FYI: you can still buy the MBP 2015 which was the last iteration before the 2016 version. Mine doesn't sport a force feedback touchpad and has the slowest CPU of the 3 versions available but other than that its a great device. The touchpad is apart from the force feedback one (which I tried out in a demo store) the best touchpad ever, hands down. Nothing comes close. And the force feedback touchpad actually has a disadvantage: it is so large that my hands accidentally touch it while typing. And well, the butterfly keyboard sucks if not for one reason alone: too loud. Mine has left 2x TB2, 2x USB-A (1 left, 1 right), magsafe, audio out, and right HDMI, SD (I'm using a microSD adapter which fits perfectly to close the port against dust). It doesn't have VGA, but I don't need that. It also doesn't have the nifty battery indicator my MBP 2010 had. Its lighter as the MBP 2010 though. Approx 2 kg vs approx 3 kg. But I cannot replace the HDD myself, or the RAM. Which I both did with the MBP 2010. I bought the MBP 2015 as soon as I found out the MBP 2016 was a big step back & I saw a deal for it.
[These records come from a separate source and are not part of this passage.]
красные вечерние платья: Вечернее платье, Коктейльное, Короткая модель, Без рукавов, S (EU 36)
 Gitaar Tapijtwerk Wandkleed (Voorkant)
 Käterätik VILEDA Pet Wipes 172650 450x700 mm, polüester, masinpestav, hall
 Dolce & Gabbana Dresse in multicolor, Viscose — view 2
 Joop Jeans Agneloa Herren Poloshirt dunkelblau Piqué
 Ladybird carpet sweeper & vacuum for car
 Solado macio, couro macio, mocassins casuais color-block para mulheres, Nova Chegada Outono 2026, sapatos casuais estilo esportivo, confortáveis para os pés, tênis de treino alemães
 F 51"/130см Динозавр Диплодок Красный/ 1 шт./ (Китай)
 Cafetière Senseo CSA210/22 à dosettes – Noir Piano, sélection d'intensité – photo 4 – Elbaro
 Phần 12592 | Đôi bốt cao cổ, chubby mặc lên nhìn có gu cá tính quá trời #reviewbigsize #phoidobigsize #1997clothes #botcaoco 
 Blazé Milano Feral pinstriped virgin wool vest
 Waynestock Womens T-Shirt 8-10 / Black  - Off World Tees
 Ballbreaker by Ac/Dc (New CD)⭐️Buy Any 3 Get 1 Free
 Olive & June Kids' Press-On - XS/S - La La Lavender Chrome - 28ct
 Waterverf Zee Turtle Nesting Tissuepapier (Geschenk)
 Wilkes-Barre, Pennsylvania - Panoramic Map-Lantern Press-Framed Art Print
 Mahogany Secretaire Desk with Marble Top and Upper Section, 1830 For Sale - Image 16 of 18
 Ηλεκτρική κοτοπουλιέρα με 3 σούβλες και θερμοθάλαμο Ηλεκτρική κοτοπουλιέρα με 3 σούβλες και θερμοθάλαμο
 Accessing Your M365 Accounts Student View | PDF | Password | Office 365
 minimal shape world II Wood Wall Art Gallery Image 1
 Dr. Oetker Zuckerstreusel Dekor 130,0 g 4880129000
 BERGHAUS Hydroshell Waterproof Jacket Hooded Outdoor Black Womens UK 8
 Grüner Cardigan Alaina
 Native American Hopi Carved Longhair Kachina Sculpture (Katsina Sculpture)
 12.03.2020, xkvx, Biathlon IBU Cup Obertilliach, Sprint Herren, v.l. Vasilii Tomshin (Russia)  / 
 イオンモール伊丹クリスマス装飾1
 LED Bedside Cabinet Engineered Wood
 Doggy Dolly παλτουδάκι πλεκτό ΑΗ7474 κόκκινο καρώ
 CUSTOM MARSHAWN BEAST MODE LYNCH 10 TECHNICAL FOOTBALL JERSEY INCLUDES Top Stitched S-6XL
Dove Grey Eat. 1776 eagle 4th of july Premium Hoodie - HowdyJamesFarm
> unless you can drop a few thousand Euros on a 27" iMac with an SSD and a reasonable amount of memory

even then, you need some good luck if you want the machine to last. if one of the HW components goes bad it will cost a lot of time and money to repair. iMac parts can be quite scarce and expensive. and working on an iMac requires more patience and skill than working on a typical home-built PC.


I disagree. Name a laptop that beats the shit out of specced macbook ? Not that monster 'gaming' ones, please :D


I didn't state that other laptops beat the shit out of a specced MacBook (though I am sure they exist). If I need performance, I will use a workstation or a server, they pack Xeon CPUs, CUDA-capable GPUs, etc. Moreover, their CPUs don't throttle under high load. For me, using a Mac for high-performance computing is a long-passed station.

My criticism was that MacBooks have become bad laptops for their price. They have a limited number of ports with USB-C, which is not well-supported yet. They keyboard has serious problems, which I don't assume to be a fluke, since I know multiple persons with stuck keys. They are not expandable. And macOS has regressed quite a bit in the last few years. Some of these problems are acceptable in isolation, but regressions are piling up.

Then there is crap like that the first generation of Apple's USB-C multi port adapters didn't actually support USB-3.0 transfer speeds, but contain a USB 2.0 hub. Back then I dropped 160 Euro on two adapters (this was before the MBP 2016-related price drop) to use my MacBook with existing screens, projectors, and USB devices. They give you a whole lot of crap about the transfer speeds, but sell you USB 2.0 adapters (!).

---

Again, I have been a Mac user for 10 years. In that time I probably bought 5 or 6 Macs, since for some time I used both a Mac Mini and a MacBook. For may years, they were so far ahead of the competition, it was not even funny (excellent suspend support in 2007, MagSafe, battery indicator LEDs, OS X was simply better). I was a strongly advocating Macs among friends and family. Unfortunately, I just can't do that anymore. The risk is too big that they get a flawed keyboard or that they are too frustrated with the 1/2/4 USB-C ports.


'bad laptops for their price' - market says they are OK for the price :)) Look in 5 years, you'll resell your macbook for half the price. Dell laptop? You'd have it in trash bin 2 years ago.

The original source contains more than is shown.